Kandydat Prawa i Sprawiedliwości podkreślił, iż nie jeden raz słyszeliśmy od prezydenta Bronisława Komorowskiego, że ostatnich 25 lat jest sukcesem. Co, zdaniem Dudy, nie jest prawdą.

- Bronisław Komorowski zapewne będzie nadal twierdził, że Polska odniosła sukces, gdyż przez 25 lat trwał u boku tej władzy - mówił, dodając iż nie interesuje go „żyrandol a konstytucyjne uprawnienia prezydenta”.

Odnośnie trwającej prezydentury rodzą się pytania: Czy prezydent pomaga rolnikom, którzy chcą zablokować Warszawę? Słucha ich? Czy Bronisław Komorowski rozmawiał z ministrem rolnictwa nazywającym rolników frajerami? I wreszcie: gdzie jest Bronisław Komorowski teraz, kiedy przychodzą ludzie z ponad 2 mln. podpisów, które mają chronić polskie lasy?

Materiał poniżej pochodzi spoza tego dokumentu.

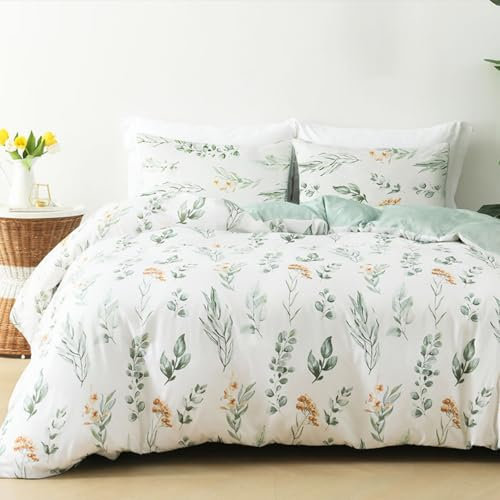 Freyamy Blumen Bettwäsche 200x220cm 3teilig Weiß Grün Blätter Pflanzen Wendebettwäsche Floral Mädchen Bettwaren-Sets 100% Microfaser Bettbezug mit Reißverschluss und 2 Kissenbezug 80x80cm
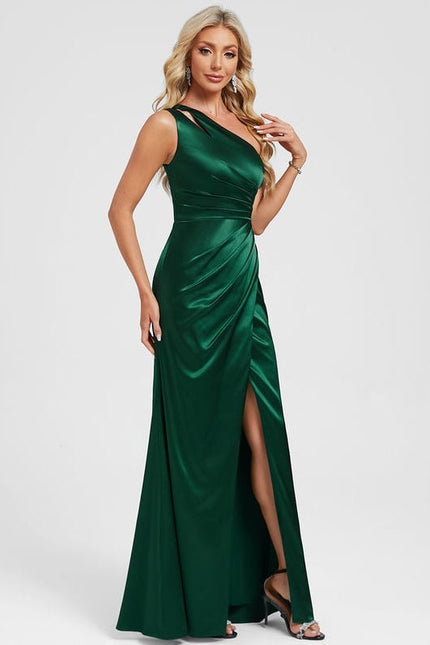 Robe De Soirée Satin Vert - gallery 3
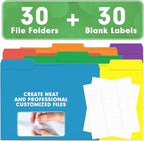 File Folder, HERKKA 30 Pack 1/3 Cut Tab File Folders, Colored File Folders Designed for Office and Classroom Use, Letter Size, Assorted 6 Colors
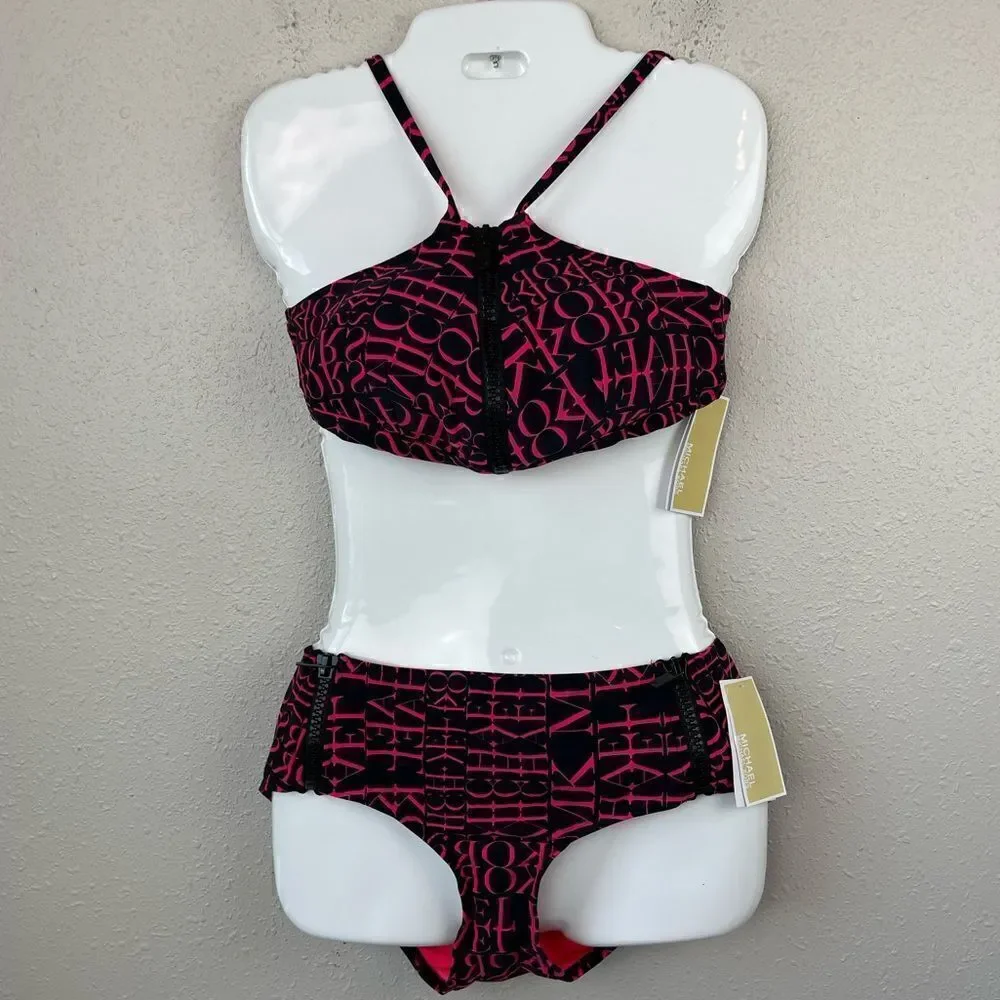NWT MICHAEL Michael Kors Matching Bikini Top and Bottoms Size M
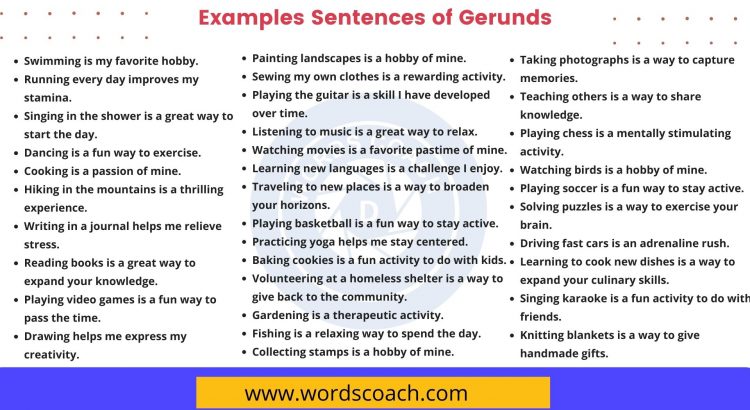 Examples Sentences of Gerunds - wordscoach.com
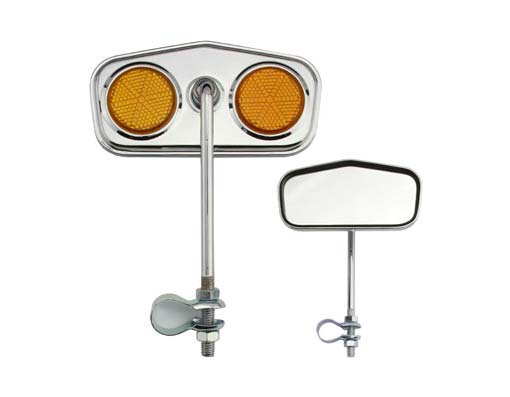 Diamond Mirror With Orange Reflectors Chrome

- Nie zgadzam się na pasywną politykę uprawianą obecnie przez głowę państwa - deklarował.

A taką właśnie prowadzi na każdym kroku. W przypadku Ukrainy jest podobnie.

Jak przypomniał Duda, Bronisław Komorowski przyjaźnił się z Janukowyczem - tym samym, który później strzelał do Ukraińców, zaś „przyjaźń Komorowskiego z Janukowyczem jest jedynym, co zrobił Prezydent RP w sprawie Ukrainy”.

- Polska potrzebuje polityki suwerennej. Dziś przy stole w sprawie Ukrainy nas nie ma. Daliśmy się wypchnąć - dodał.

Przed przybyciem do Kozienic Andrzej Duda odwiedził również mieszkańców Lipska, Zwolenia i Pionek.